Jakarta –
Candi Borobudur genap berusia 1.202 tahun Di Selasa (26/5/2026). Umur Borobudur itu merujuk Prasasti Kayumwungan.
Sebagai Candi Buddha terbesar Di dunia, Borobudur dikukuhkan Di 26 Mei 824. Sesudah Itu, tanggal itu ditetapkan sebagai Hari Karena Itu Candi Borobudur.
“Karena Itu prasasti ini menjelaskan maksud, tujuan, alasan, mengapa candi ini dibangun, lalu kapan, siapa yang membangun dan siapa yang mengukuhkan. Nah tanggal 26 Mei itu adalah tanggal konversi Untuk tanggal yang tercantum Di prasasti Kayumwungan. Itulah tanggal ketika Candi Borobudur dikukuhkan,” kata peneliti Borobudur dan Agama Buddha Indonesia, Hudaya Kandahjaya, Di ditemui Di Candi Borobudur, Selasa (26/5/2026).

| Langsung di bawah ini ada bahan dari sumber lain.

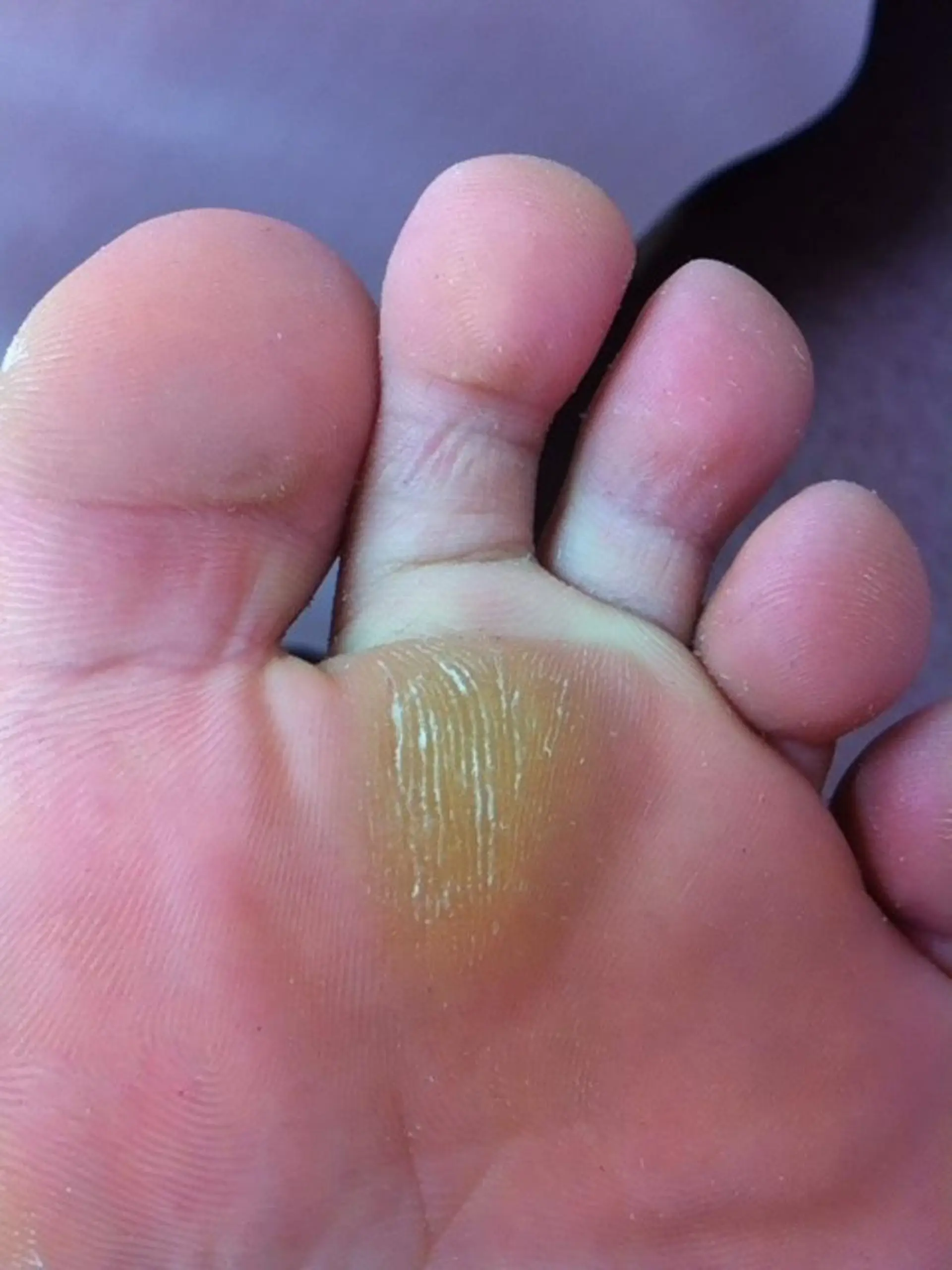 ネイル フットネイル その他(ネイル) 同心整骨院 美容鍼・整体・小顔のエステ・リラクイメージ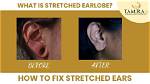 Do Stretched Ears Go Back to Normal?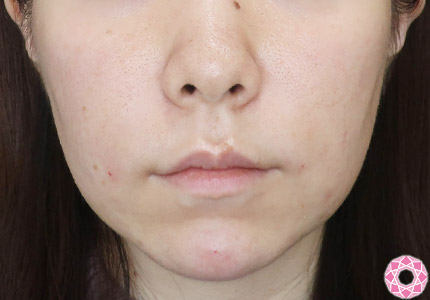 年代：30代 施術名：ジュビダーム 施術後｜【公式】東京形成美容外科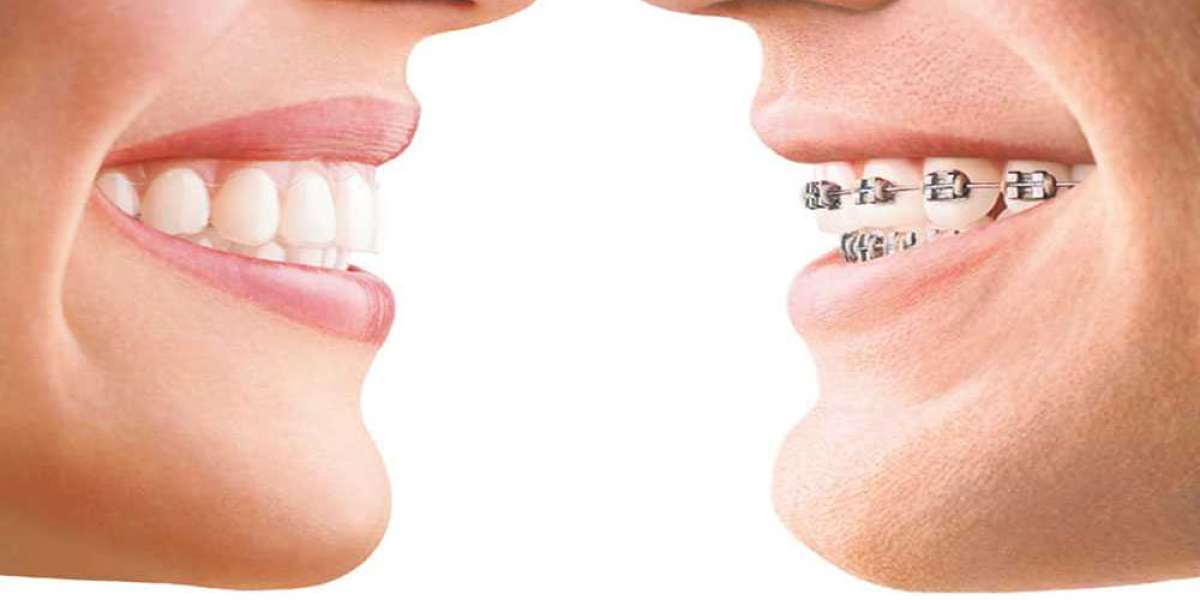 Invisalign Unveiled: A Comprehensive Guide to Clear Aligners at Amma Naana Dental Clinic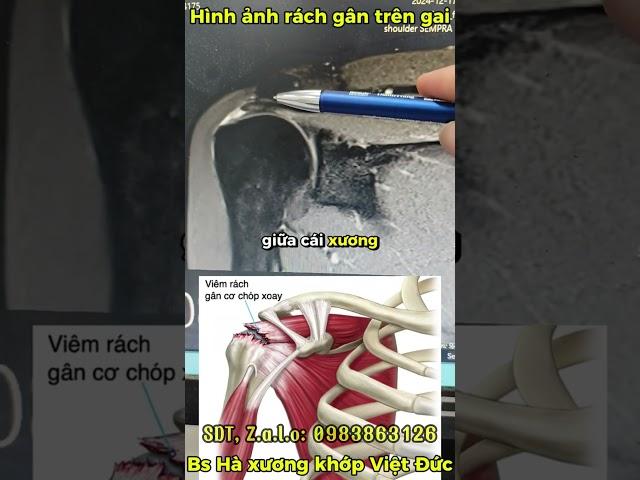 NHẬN BIẾT RÁCH GÂN TRÊN GAI TRÊN PHIM CỘNG HƯỞNG TỪ
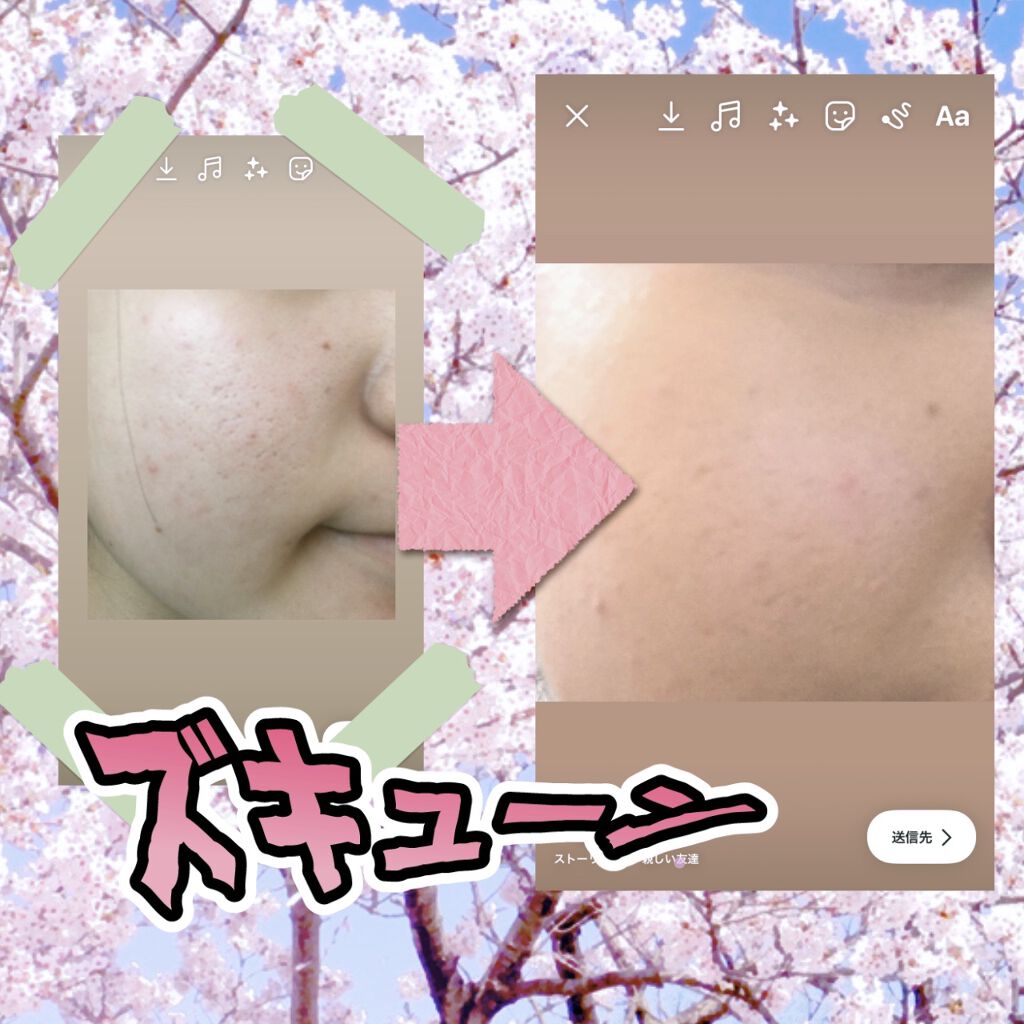 を使ったクチコミ（1枚目）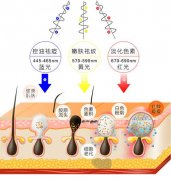 彩光嫩肤效果如何，效果维持时长及费用解析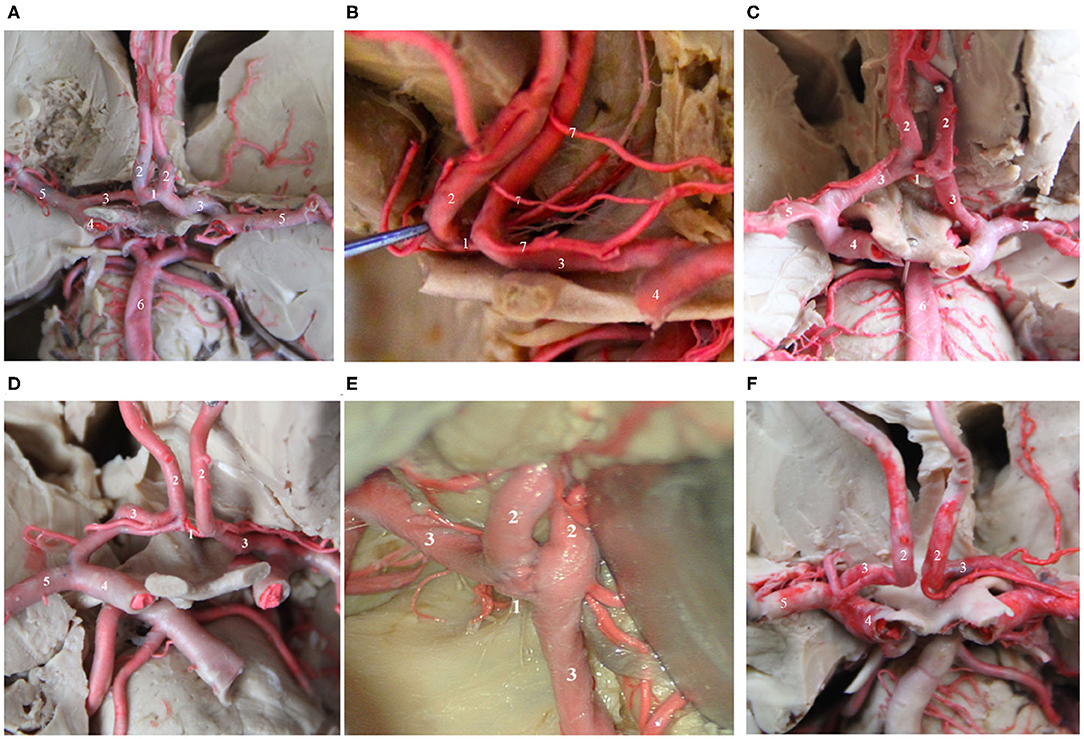Frontiers   Anterior Communicating Artery Aneurysms: Anatomical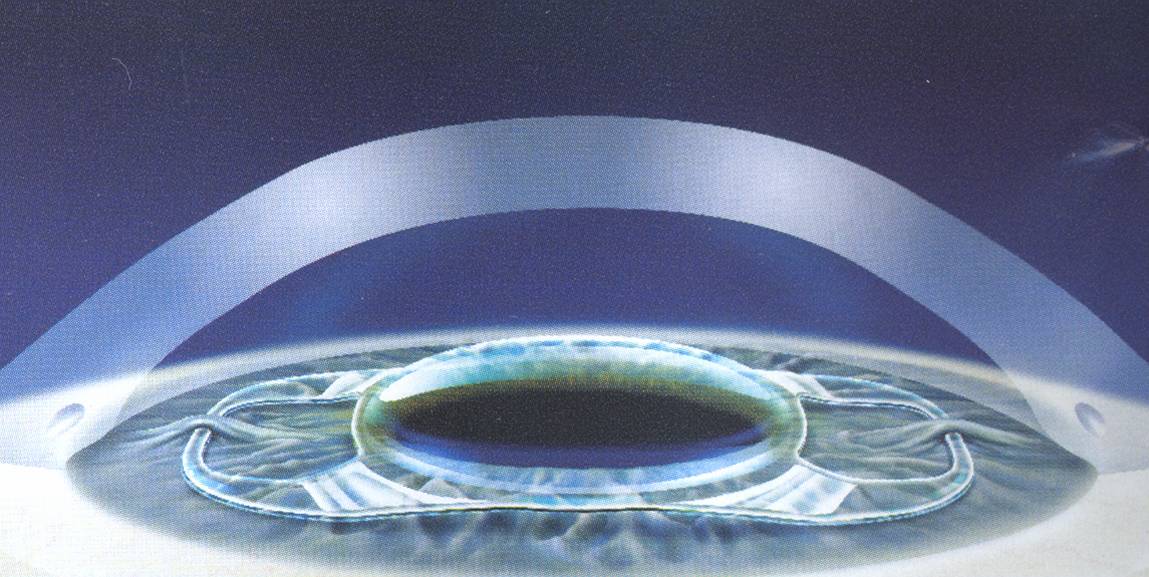 schma d'une lentille intracornenne implante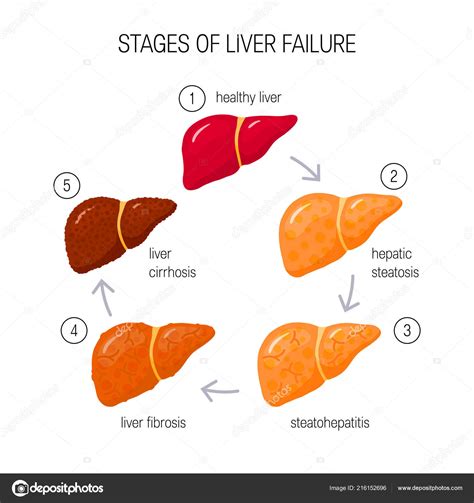 Stages Of Liver Damage Liver Disease Healthy Fatty Liver Fibrosis And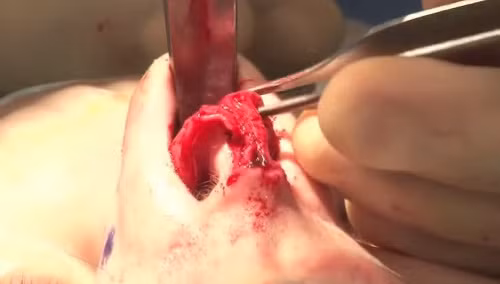 Có những trường hợp, bác sĩ phải đưa từng nhát kéo nhẹ nhàng cắt tỉa sụn phía trong đầu mũi. Ảnh: youtube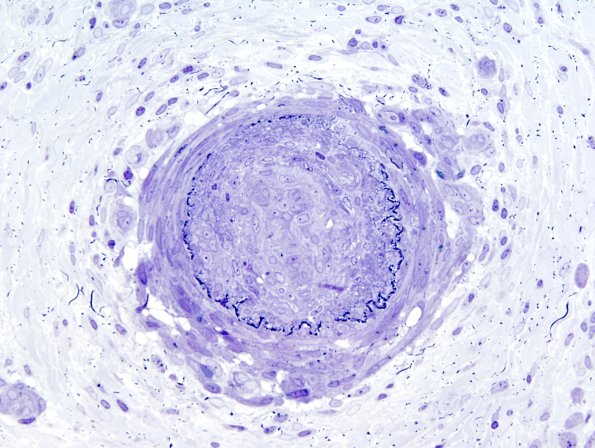 2B2C  Vasculitis, Polyarteritis Nodosa (Case 2) Plastic 26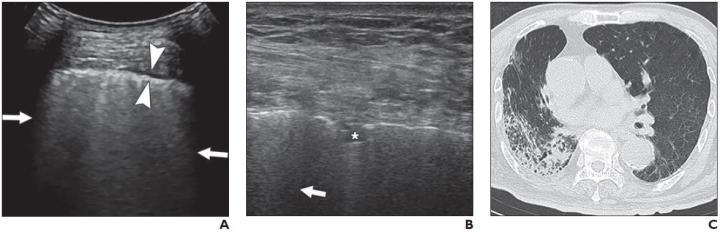 82-Year-Old Man Who Presented with Cough, Dyspnea, and Fever for 10 Days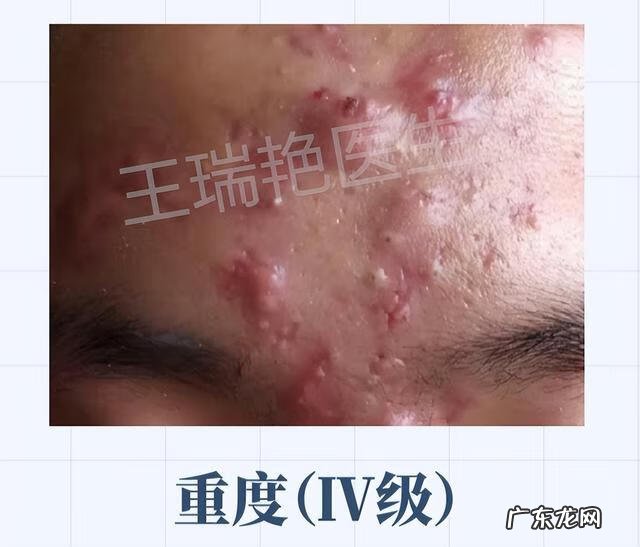 脸上长痘痘位置原因图解 脸上长痘痘的位置图及详解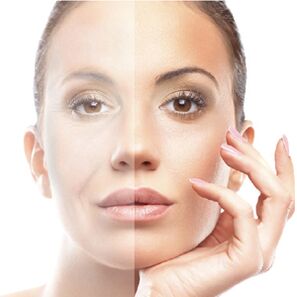Rejuvenation nke anụ ahụ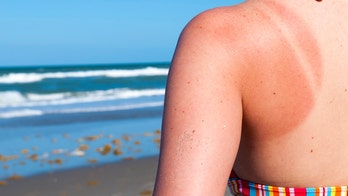 Here's how damaging a bad sunburn can be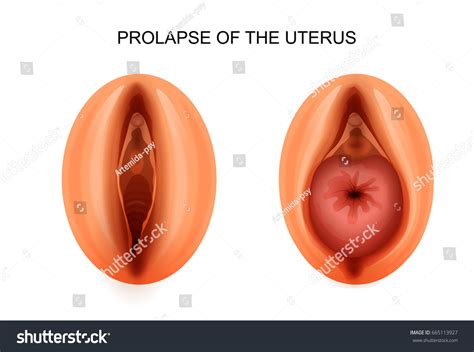 Vector Illustration Uterine Prolapse Gynecology Female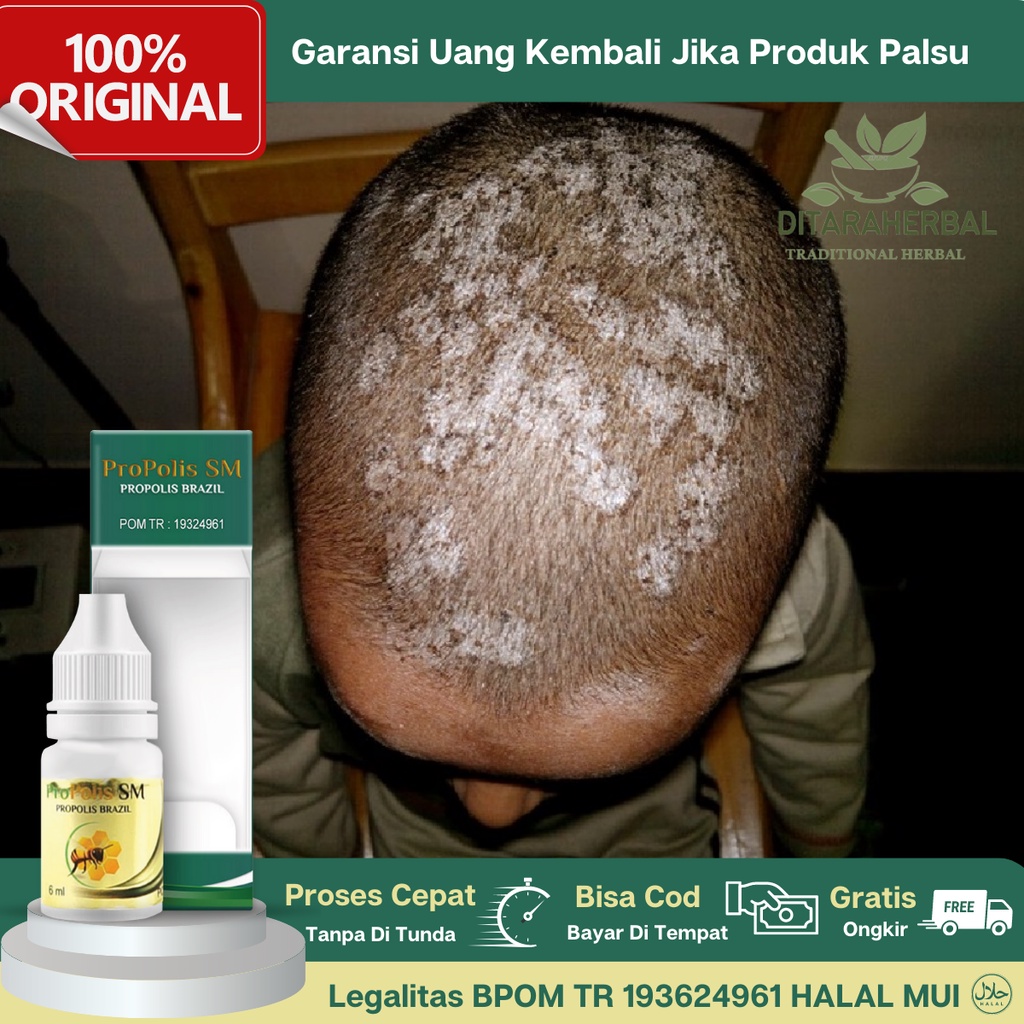 Obat Kurap Di Kepala, Obat Gatal Kurap Kepala, Obat Infeksi Kulit Kepala, Obat Infeksi Jamur Kepala,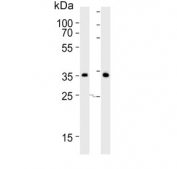 Western blot testing of human 1) heart and 2) skeletal muscle lysate with DIO2 antibody. Predicted molecular weight ~31 kDa.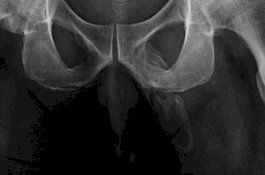 Akibat Jatuh, Mr P Pria Ini Berubah Menjadi Tulang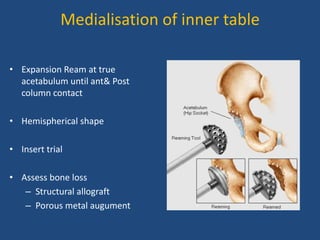 Medialisation of inner table
• Expansion Ream at true
acetabulum until ant& Post
column contact
• Hemispherical shape
• Insert trial
• Assess bone loss
– Structural allograft
– Porous metal augument
 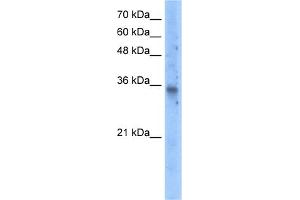 WB Suggested Anti-SLC25A16 Antibody Titration:  5. (SLC25A16 antibody  (N-Term))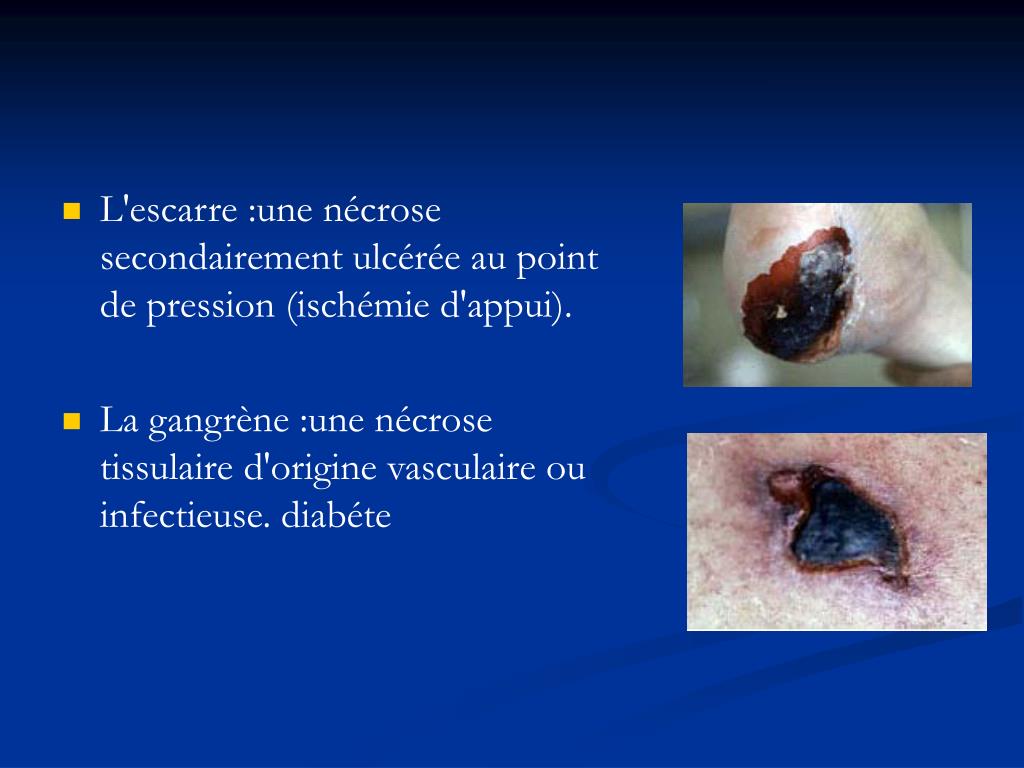 PPT Les lésions élémentaires en dermatologie PowerPoint Presentation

SCROLL TO CONTINUE WITH CONTENT
Hudaya mengatakan umat Buddha Melakukanupaya Bagi memperingati kembali hari pengukuhan Candi Borobudur.
“Dua tahun lalu, kita memperingati 1.200 tahun Candi Borobudur dikukuhkan. Karena Itu, setiap tanggal 26 Mei, kita Melakukanupaya Bagi mengulang memperingati kembali Hari Pengukuhan Candi Borobudur,” kata dia.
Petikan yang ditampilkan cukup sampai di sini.